Coordinating Change in Karma #
Karma can accept configuration change requests — but in a system with dependencies, propagation must be coordinated carefully to maintain system integrity.
This page outlines a proposal for managing graph-aware change requests safely.
The Problem #
Changing the config for one component might:
- Break downstream consumers if done out of order
- Require reloading or redeploying related components
- Involve validation before it’s safe to apply
Karma’s Role #
Karma should:
- Receive a change request
- Analyze impact in the graph
- Determine what downstream actions are required
- Apply the change and update the graph (or queue it)

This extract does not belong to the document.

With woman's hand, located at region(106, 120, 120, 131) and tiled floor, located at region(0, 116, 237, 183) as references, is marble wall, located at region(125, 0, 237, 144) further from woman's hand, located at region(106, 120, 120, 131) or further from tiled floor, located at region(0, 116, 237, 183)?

- Log the request and outcome for auditing
Change Lifecycle (Proposed) #
Client → karma-api: POST /request-change
↓
Karma validates config
↓
Karma builds proposed graph patch
↓
Karma checks for conflicts or blocking dependencies
↓
If safe: write to config + update graph
Else: reject or queue for later
Use Cases #
Scenario | Karma Behavior |
---|---|
Change VPC subnet config | Reject if dependent EC2 instance is running |
Update DNS aliases | Allow if CloudFront outputs are available |
Remove shared bucket reference | Block if downstream Lambda still depends on it |
Request Format (Example) #
{
"component": "serverless-site/karma-dev",
"proposed_change": {
"cloudfront_aliases": ["www.usekarma.dev"]
},
"requested_by": "ted@strall.com"
}
Result Format #
{
"status": "applied",
"affected_components": [
"route53-zone/karma-dev",
"cloudfront-distribution/karma-dev"
],
"warnings": [],
"log_entry_id": "log-1fd742f"
}
Implementation Notes #
- Karma can start with “just apply” mode and evolve toward full change propagation
- Validation and rollback paths are key to correctness
- A dry-run or “plan” endpoint should be available
In the future, Karma can act as a safe graph mutation gateway — analyzing dependencies, proposing valid transitions, and enabling dynamic reconfiguration through a structured request model.